- - Tuesday, October 14, 2014

ANALYSIS/OPINION:

Publishers of law books occupy a sweet spot in the law. Without fail, the legal tomes expand every year. The last Congress added 284 statutes, and Congress has added 184 so far in this session. More than 20,000 bills have been signed into law, and they all had to go into the law books, requiring frequently updated volumes. The rarest law of all is one that repeals an obsolete statute.

Governments here could learn a thing or two from Narenda Modi, the new prime minister of India, who rode to office on the slogan, “minimum government, maximum governance.” He’s redeeming the promise by trimming the fat from the law code. The Centre for Civil Society, a freedom-oriented think tank in New Delhi, estimates that India’s code is still cluttered with 3,000 useless directives, some of them from the colonial era. “Some of the laws on our books are laughable,” says Ravi Shankar Prasad, the law minister. “Others have no place in a modern and democratic India.”

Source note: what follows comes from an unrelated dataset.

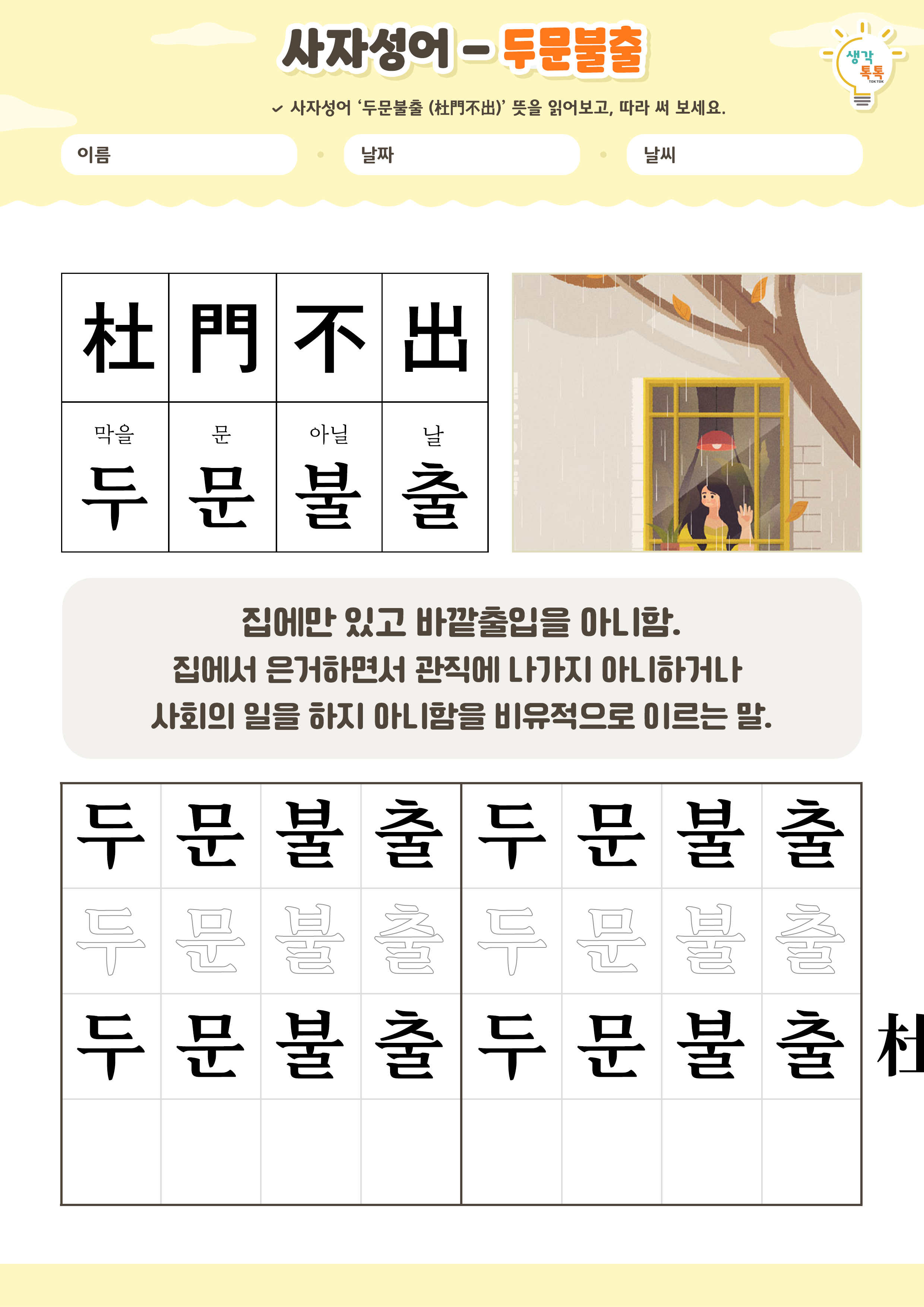 나의 가족 소개하기 활동지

One of the laws on the chopping block decrees that certain property in Calcutta may only be sold to the East India Company, which went out of business more than a century ago. Though they may seem harmless, obsolete statutes weigh down business and harm India’s economic competitiveness. Campaigning this spring, Mr. Modi pledged that for every new law passed, he would see to it that government repeals 10 redundant laws. Mr. Modi wanted to toss 100 statutes in the bin in his first 100 days.

He didn’t make it, but he’s close. His government has revised 36 obsolete laws, and a bill is pending to eliminate 287 obsolete statutes this winter. His ministers have put 1,000 up for the shredder. Mr. Modi is clearly on to something. Here in America, a few states have sifted through their codes to identify pointless laws and regulations and marked them for elimination.

Gov. Sam Brownback of Kansas, a Republican, created the “Office of the Repealer” three years ago. The office, the first in the nation, eliminated scores of impractical regulations, bad laws and outdated executive orders. The Kansas law books are no longer cluttered by a state fee on pest-control operators, a process for appointing “jail matrons” and instructions for reinstating a sheriff after a lynching in his county.

Tennessee followed Kansas with a repealer last year. Rhode Island devised a weaker but useful method of ridding outmoded laws through a joint legislative committee. Even in Illinois, there’s an interest in the idea.

Washington politicians can’t resist seeing their names attached to new resolutions and acts of Congress, so there’s never an incentive to do the right thing. Success in India and Kansas ought to be an inspiration to congressmen who say they’re for leaner government.